"I don't know if it's going to hurt," manager Terry Collins said of his team's momentum. "It all depends on [Saturday], the outcome. If this first game goes 15 innings, we're going to be in trouble. So will they."
The Mets experienced plenty of trouble early, in danger of suffering their 10th straight loss in games after Matt Harvey starts, when a series of fortuitous circumstances saved them in the eighth.
After John Buck led off with a walk and Ruben Tejada singled, Daniel Murphy narrowed the margin to one with a two-out single, and Tejada was able to advance to third when center fielder B.J. Upton bobbled the wet ball. Moments later, Braves reliever Anthony Varvaro unleashed a game-tying wild pitch amidst a steady rain.
Varvaro completed the inning, but the grounds crew started rolling out the tarp moments later.
"Man, it was tough to see," Murphy said. "But as tough as it was to see, I'm sure it was tough to get a grip on the ball and your footing on the mound. So it was an equal playing field. We were really glad to tie the score up there."
It was indeed a fortunate break for the Mets, who fell into a late hole when Greg Burke served up a two-run, go-ahead single to Evan Gattis in the eighth. Starting pitcher Jeremy Hefner had actually performed quite well against the Braves, rebounding from two early runs to give the Mets a quality start. But his teammates again struggled at the plate, drawing the Mets into a tie game late.
It was Scott Rice who cracked first, walking Justin Upton and allowing a single to Freddie Freeman. But it was Burke who cracked most, walking Dan Uggla before allowing Gattis' pinch-hit single to drive in the go-ahead runs.
The Harvey Hangover seemed to take effect immediately in the first inning, when Hefner walked Justin Upton and served up a two-run homer to Freeman with two outs. But Hefner struck out the final batter of that inning, keying a run of eight consecutive outs.
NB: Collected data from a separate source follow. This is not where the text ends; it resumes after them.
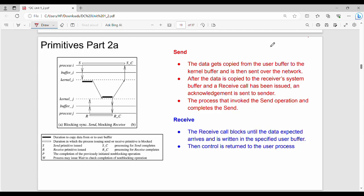In the last study, there are basic things: synchronous, asynchronous, blocking, non-blocking. This is the continuation of that study, so you can combine it in context.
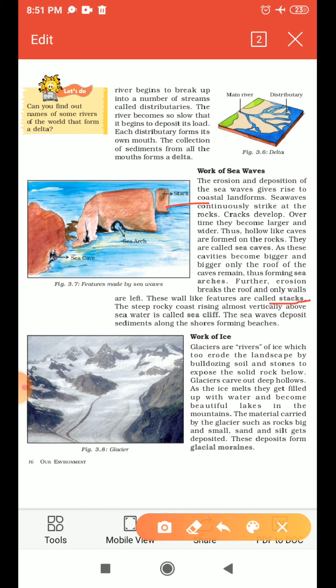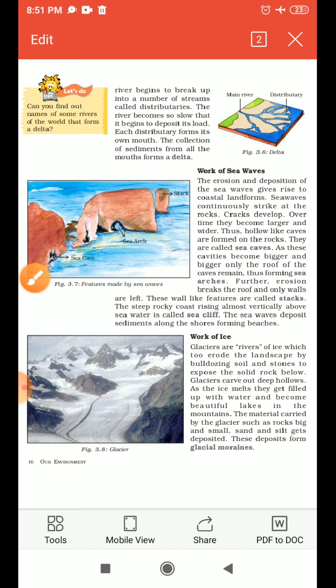When the steep rocky coast rising almost vertically above the sea water, it is called a sea cliff. Beaches are formed by the sediments deposited along the sea or along the shores by the sea waves, thus forming beaches. This is all for today. In my next class, I shall do work of ice and work of wind. Thank you.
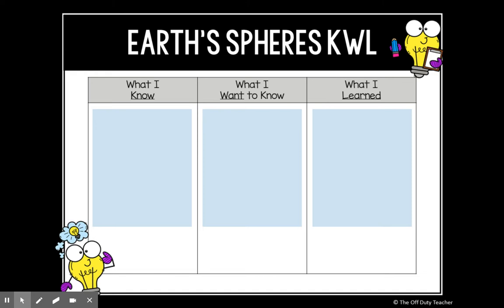Think about what you might like to know about how we categorize matter on Earth, or how we put it into different groups. Write down at least one question about Earth's spheres. The L portion of your chart we'll return to at the end of the lesson, where you'll fill in important ideas and science vocabulary you've learned.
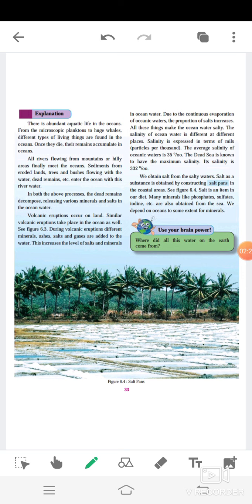Now, go to the next. Due to the continuous evaporation of oceanic waters, the proportion of salt increases. All these things make the ocean water salty. The salinity of ocean water is different at different places. Salinity is expressed in terms of parts per thousand. The average salinity of oceanic water is 35 parts per thousand. The Dead Sea is known to have the maximum salinity. Its salinity is 332 parts per thousand.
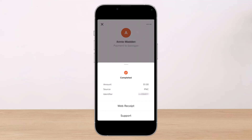When you tap on a payment it simply gives you the payment details and says if it's pending or completed. You can tap the three dots in the top right corner, but the only further options it gives you are to get a web receipt or to contact support if something is actually wrong. There is no way to delete your history in your account settings either.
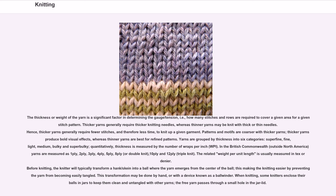Yarns are grouped by thickness into six categories: super fine, fine, light, medium, bulky, and super bulky. Quantitatively, thickness is measured by the number of wraps per inch (WPI). In the British Commonwealth outside North America, yarns are measured as 1-ply, 2-ply, 3-ply, 4-ply, 5-ply, 8-ply or double knit, 10-ply and 12-ply (triple knit). The related weight per unit length is usually measured in tex or denier.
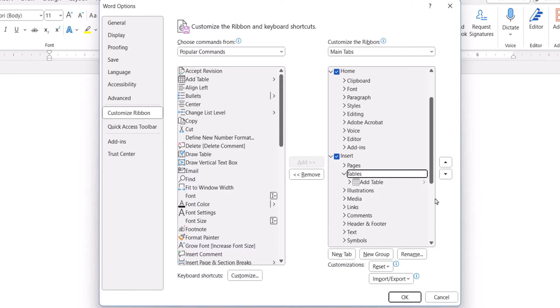It's not possible to customize the preset commands individually. Once you've made your selection, use the Move Up or Move Down arrows to change the position in the ribbon.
He had retired 16 of 18 when the Mets decided to pinch-hit for him in the sixth inning, nursing a one-run lead.
"Outstanding, outstanding," was how Collins classified Hefner's performance. "When he came off after the sixth, he could've probably started the seventh inning because he was feeling OK. But I was so excited that he pitched so well, after he's been so down about not winning a game, I said, 'I'm not going to let this kid lose this game. I'm not going to do that.'"
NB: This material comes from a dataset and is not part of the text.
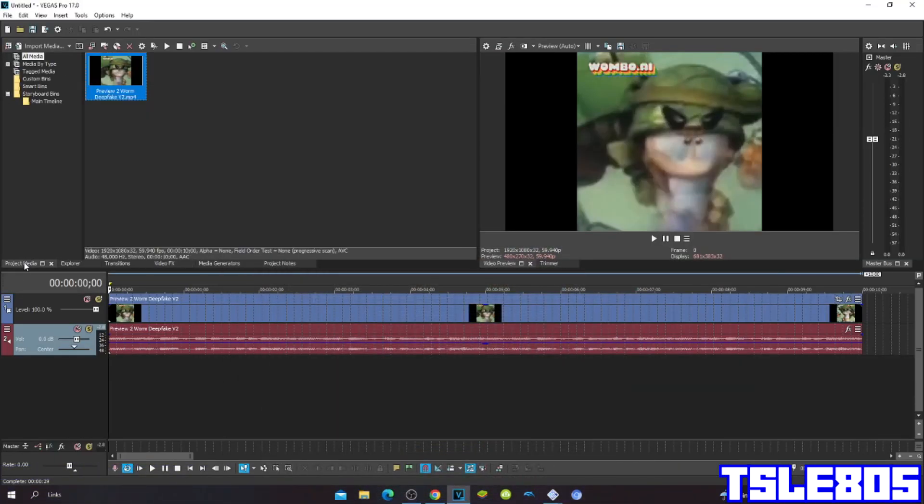Hi guys, Serby here, and in this tutorial, I will show you how to make DreamWire 14 on Vegas Pro 17 or any other Vegas Pro version.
As it turns out, the Mets neither won nor lost. Chipping away on Lucas Duda's RBI single in the first, they tied things the first time on Buck's leadoff homer in the fourth, then took the lead against Braves starter Kris Medlen on Marlon Byrd's RBI single in the fifth. Medlen otherwise showcased plenty of swing-and-miss stuff, striking out nine Mets batters in six innings.
It was enough to keep the Braves within striking distance, which proved significant. As soon as Hefner departed, they tied the game at 3, with Uggla launching a leadoff homer against LaTroy Hawkins in the seventh.
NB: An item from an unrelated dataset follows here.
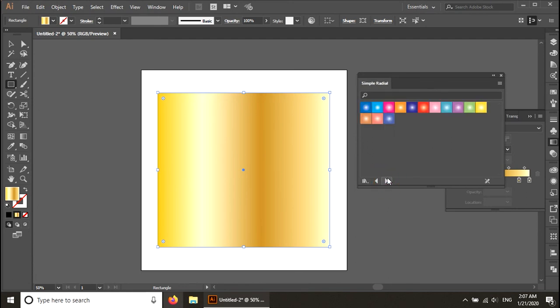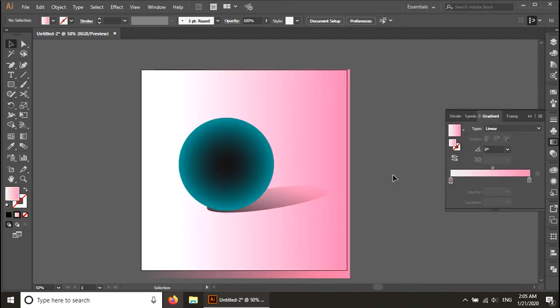I hope you liked this video. Thank you for watching. If you want to learn anything more about the gradient tool, feel free to ask in the comments and I will make a video and tag you in it. Thank you very much, have a good day, bye bye.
In perhaps the game's most intriguing subplot, struggling first baseman Ike Davis was 0-for-4 with four strikeouts, eliciting increasingly loud boos from a scattered crowd after each at-bat. The Mets have spent significant time over the past week discussing Davis' future, including a potential demotion to the Minor Leagues.
"I know it's wearing on him," Collins said, noting that Davis took extra swings in the batting cage during the rain delay. "These players get to the big leagues because they're very talented guys. They haven't had to deal with much failure in their whole lives. When you deal with what he's going through right now, it's pretty hard to take it when you've never been there before. Sometimes you think it's a growing lesson, but other times, it can break you down."
Fans holding ticket stubs for Friday's game may exchange them for tickets to Saturday's quasi-doubleheader beginning at 6:10 p.m., or Sunday's series finale. Full information is available here.
Friday's originally scheduled Fireworks Night will take place following Saturday's game.